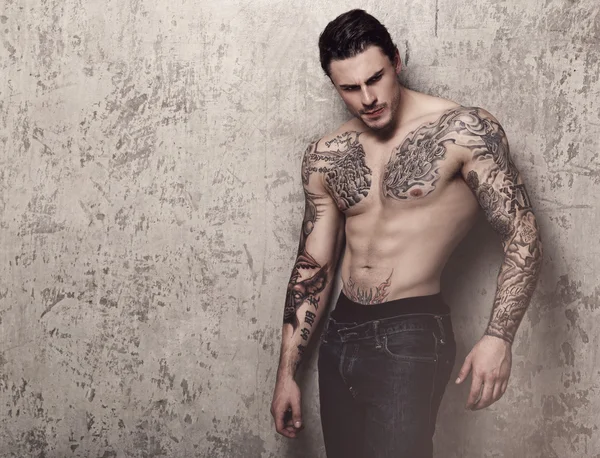 Tattooed man with perfect body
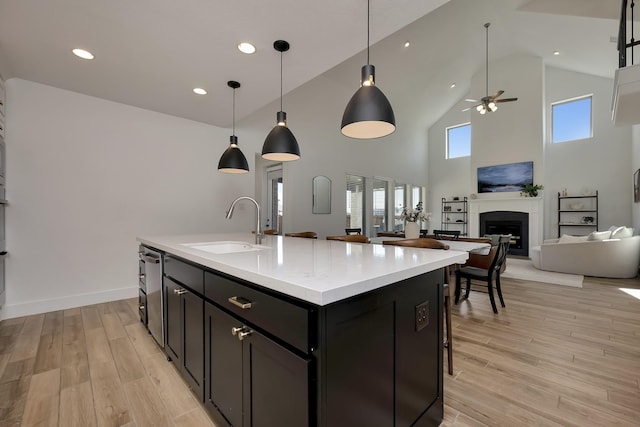 kitchen featuring open floor plan, light wood-style flooring, a fireplace, and a sink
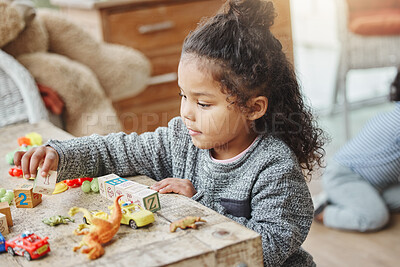 Buy stock photo Shot of an adorable little girl playing with his toys at home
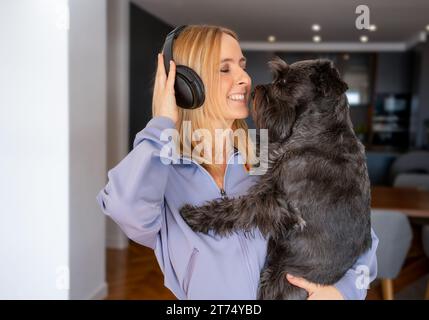 Glückliche junge Frau, die Kopfhörer trägt und zu Hause einen Schnauzer umarmt Stockfoto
---+---
# [WHAT THE TASK ASKS]
Return the material word for word, images omitted.

# [COMPLETED EXERCISE]
 Tattooed man with perfect body
 kitchen featuring open floor plan, light wood-style flooring, a fireplace, and a sink
 Buy stock photo Shot of an adorable little girl playing with his toys at home
 Glückliche junge Frau, die Kopfhörer trägt und zu Hause einen Schnauzer umarmt Stockfoto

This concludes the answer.